URL : https://www.hackerrank.com/challenges/30-nested-logic/problem
- Objective
- Today’s challenge puts your understanding of nested conditional statements to the test. You already have the knowledge to complete this challenge, but check out the Tutorial tab for a video on testing!
- Task
- Your local library needs your help! Given the expected and actual return dates for a library book, create a program that calculates the fine (if any). The fee structure is as follows:
- If the book is returned on or before the expected return date, no fine will be charged (i.e.: fine = 0).
- If the book is returned after the expected return day but still within the same calendar month and year as the expected return date, fine = 15 Hackos x (the number of days late).

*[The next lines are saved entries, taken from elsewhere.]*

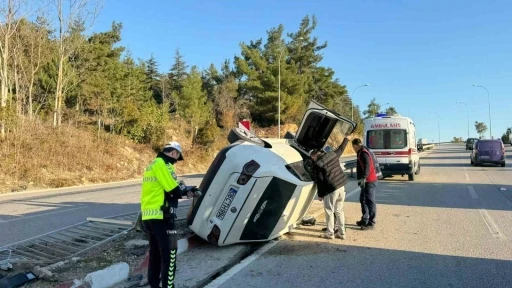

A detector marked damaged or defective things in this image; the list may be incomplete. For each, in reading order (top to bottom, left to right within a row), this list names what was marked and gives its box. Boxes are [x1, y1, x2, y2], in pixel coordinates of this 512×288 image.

overturned white vehicle [187, 100, 356, 245]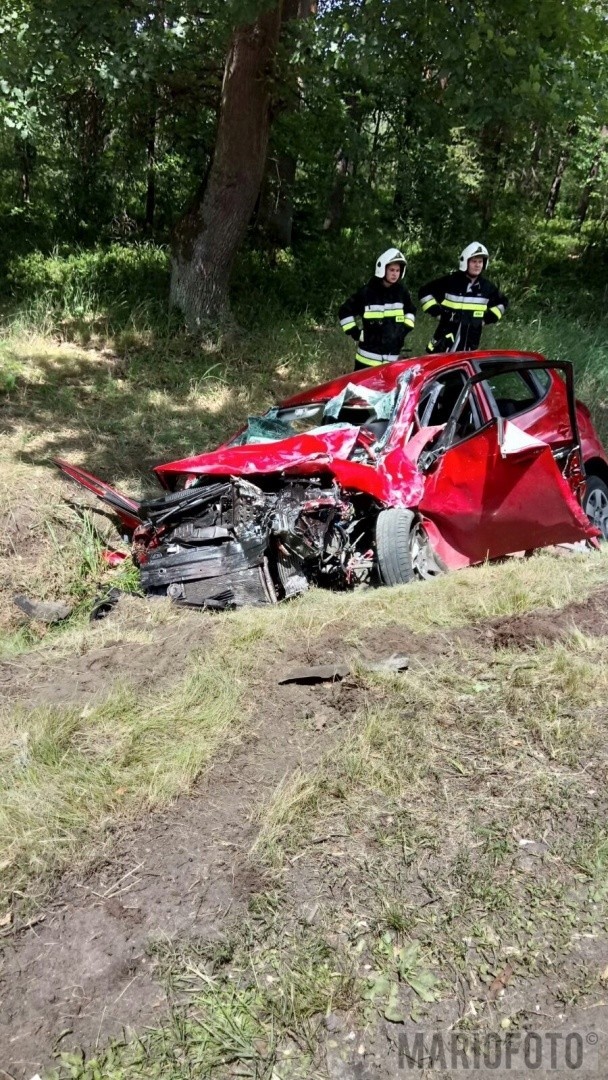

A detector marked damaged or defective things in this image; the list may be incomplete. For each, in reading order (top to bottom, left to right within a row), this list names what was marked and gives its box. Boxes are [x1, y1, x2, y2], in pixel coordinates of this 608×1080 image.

shattered windshield [231, 373, 416, 449]
wrecked red car [55, 352, 608, 609]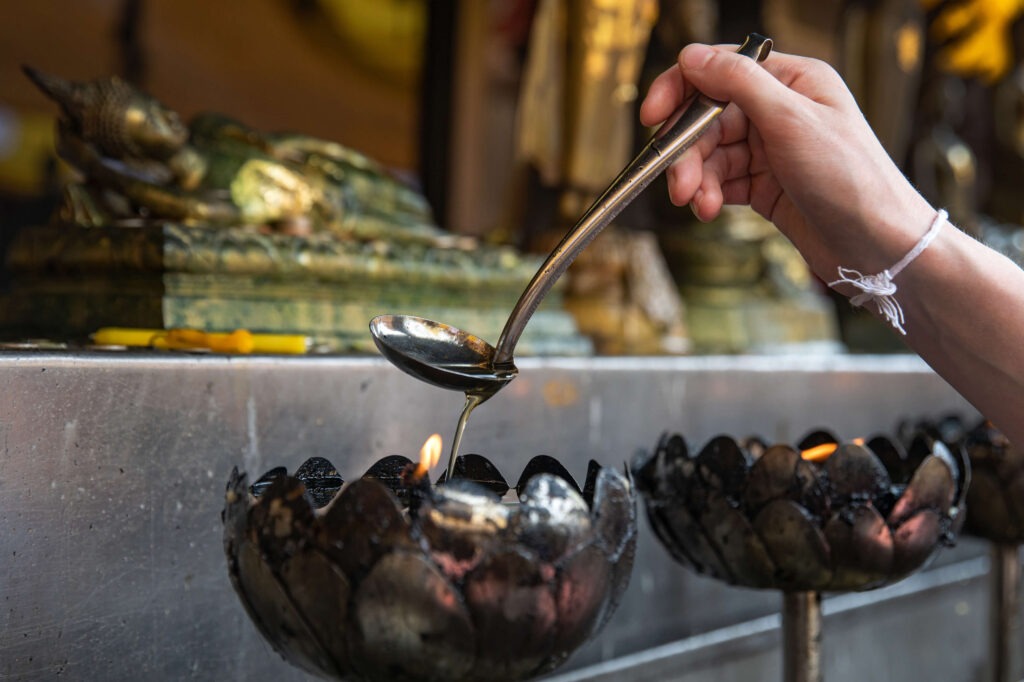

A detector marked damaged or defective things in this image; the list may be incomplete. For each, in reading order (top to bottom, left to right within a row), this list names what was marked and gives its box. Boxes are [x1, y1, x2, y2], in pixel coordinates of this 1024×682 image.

burnt residue [226, 448, 630, 675]
burnt residue [630, 430, 966, 589]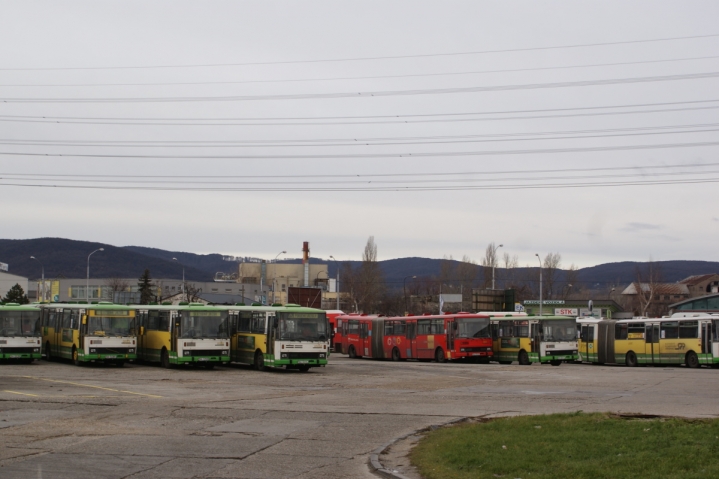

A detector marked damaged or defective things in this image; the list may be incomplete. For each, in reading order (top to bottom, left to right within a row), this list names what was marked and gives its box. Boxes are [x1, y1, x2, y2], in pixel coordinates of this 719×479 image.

cracked concrete pavement [1, 358, 719, 478]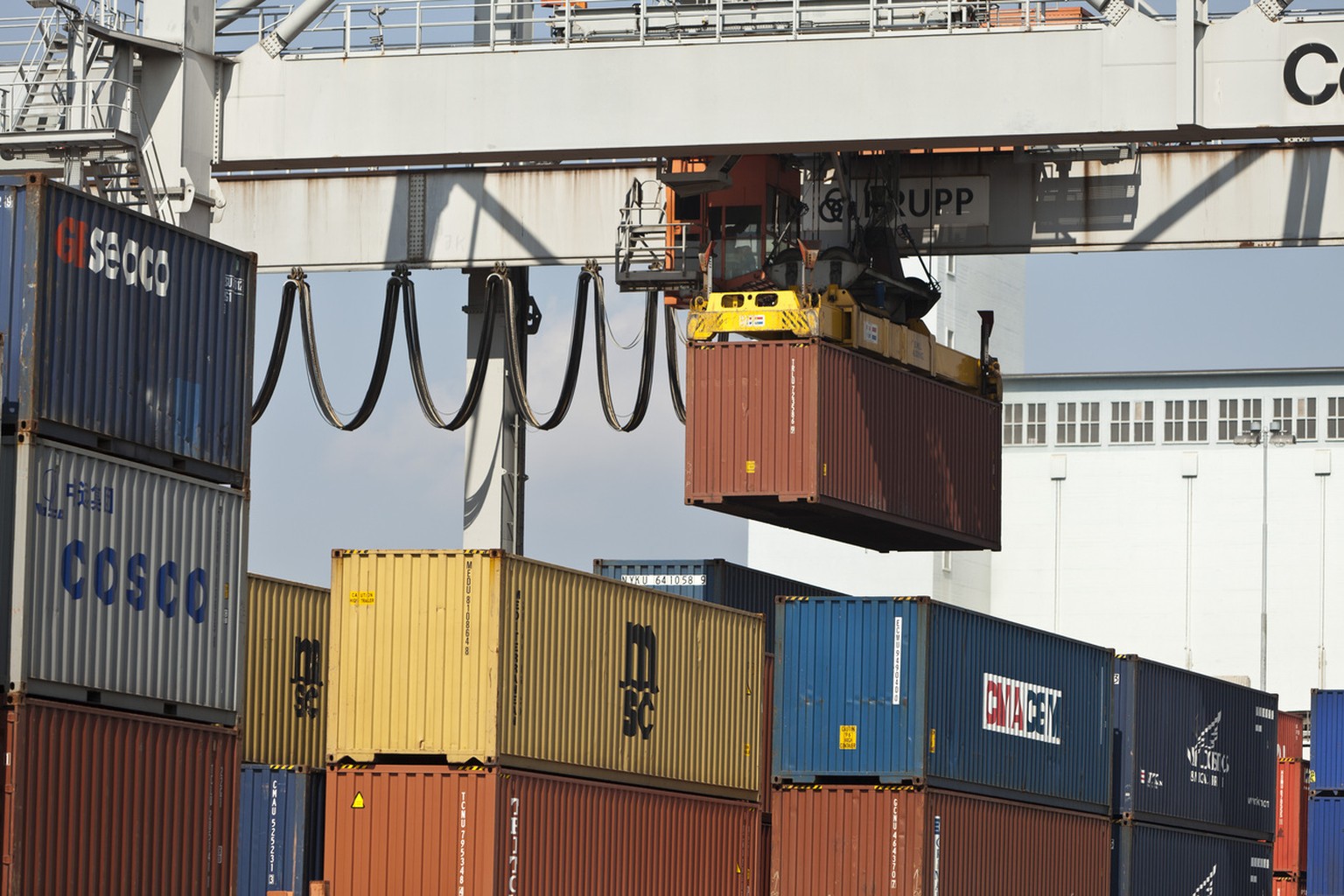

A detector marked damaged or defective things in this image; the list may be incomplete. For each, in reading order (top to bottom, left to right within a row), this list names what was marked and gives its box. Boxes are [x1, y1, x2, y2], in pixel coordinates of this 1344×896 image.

rust-stained container [0, 173, 254, 486]
rust-stained container [688, 340, 1004, 553]
rusty metal surface [693, 340, 999, 553]
rust-stained container [3, 698, 239, 892]
rusty metal surface [3, 698, 239, 896]
rust-stained container [242, 575, 327, 763]
rusty metal surface [319, 763, 763, 896]
rust-stained container [321, 763, 763, 896]
rust-stained container [326, 550, 763, 800]
rust-stained container [774, 784, 1107, 896]
rusty metal surface [774, 784, 1107, 896]
rust-stained container [1279, 709, 1300, 763]
rust-stained container [1274, 763, 1306, 881]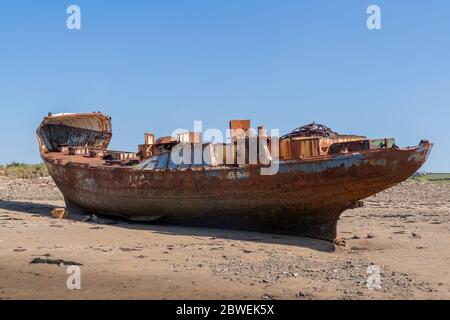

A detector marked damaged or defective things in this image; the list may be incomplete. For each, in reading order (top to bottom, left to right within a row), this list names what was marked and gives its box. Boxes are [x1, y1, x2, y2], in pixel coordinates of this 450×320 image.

rusty abandoned ship [37, 112, 430, 240]
corroded metal hull [43, 142, 432, 240]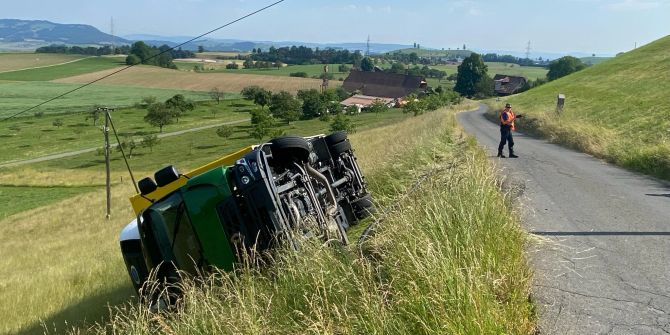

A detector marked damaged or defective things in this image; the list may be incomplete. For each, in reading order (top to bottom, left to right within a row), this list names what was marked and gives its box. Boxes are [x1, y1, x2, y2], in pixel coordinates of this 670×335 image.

overturned truck [119, 133, 376, 292]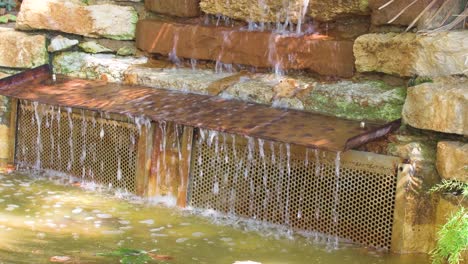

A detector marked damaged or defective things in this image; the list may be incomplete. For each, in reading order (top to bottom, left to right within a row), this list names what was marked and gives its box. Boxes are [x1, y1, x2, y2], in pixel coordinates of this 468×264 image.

rusty metal grate [15, 101, 140, 192]
rusty metal grate [189, 130, 398, 250]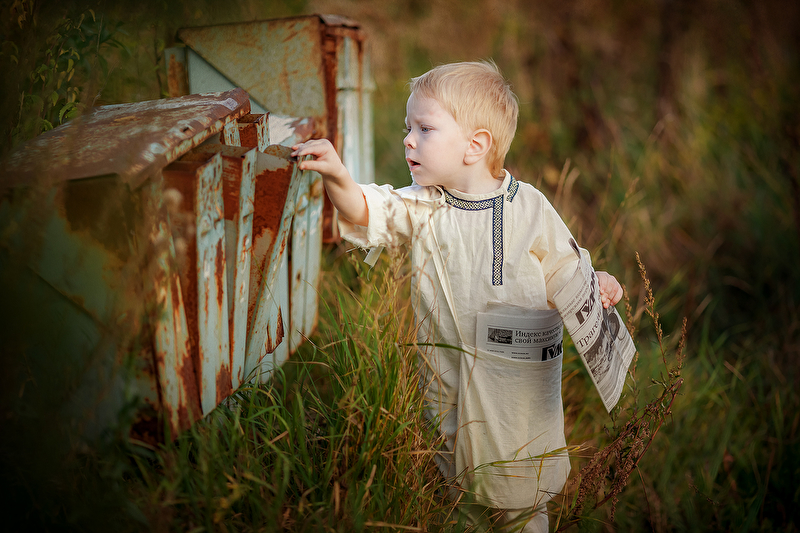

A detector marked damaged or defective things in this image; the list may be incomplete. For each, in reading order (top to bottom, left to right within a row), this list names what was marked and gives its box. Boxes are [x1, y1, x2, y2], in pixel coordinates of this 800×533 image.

rusted metal panel [0, 90, 250, 191]
rusted metal panel [162, 154, 230, 416]
rusted metal panel [180, 143, 256, 388]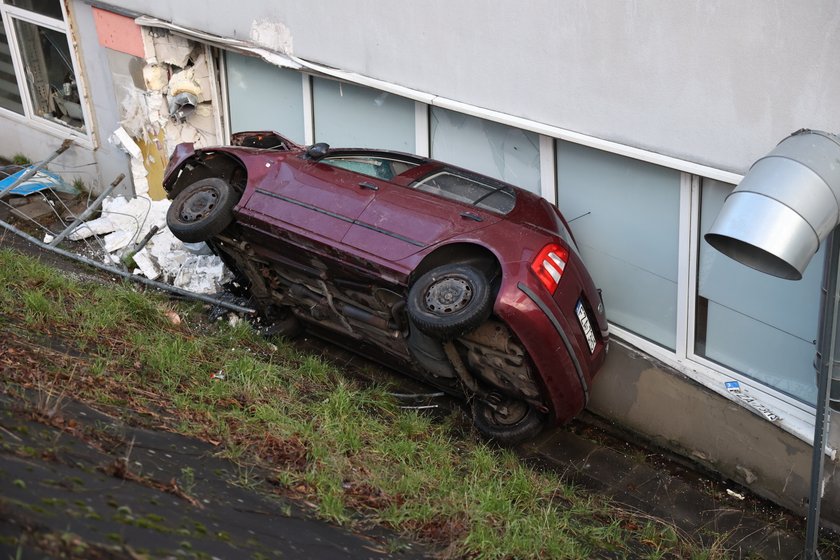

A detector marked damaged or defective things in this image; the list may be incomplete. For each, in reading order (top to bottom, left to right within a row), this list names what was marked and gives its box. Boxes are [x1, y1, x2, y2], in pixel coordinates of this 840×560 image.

- If the book is returned after the expected return month but still within the same calendar year as the expected return date, fine = 500 Hackos x (the number of months late) .
- If the book is returned after the calendar year in which it was expected, there is a fixed fine of 10000Hacoks.
- Your local library needs your help! Given the expected and actual return dates for a library book, create a program that calculates the fine (if any). The fee structure is as follows:
- Input Format
- The first line contains 3 space-separated integers denoting the respective day, month, and year on which the book was actually returned.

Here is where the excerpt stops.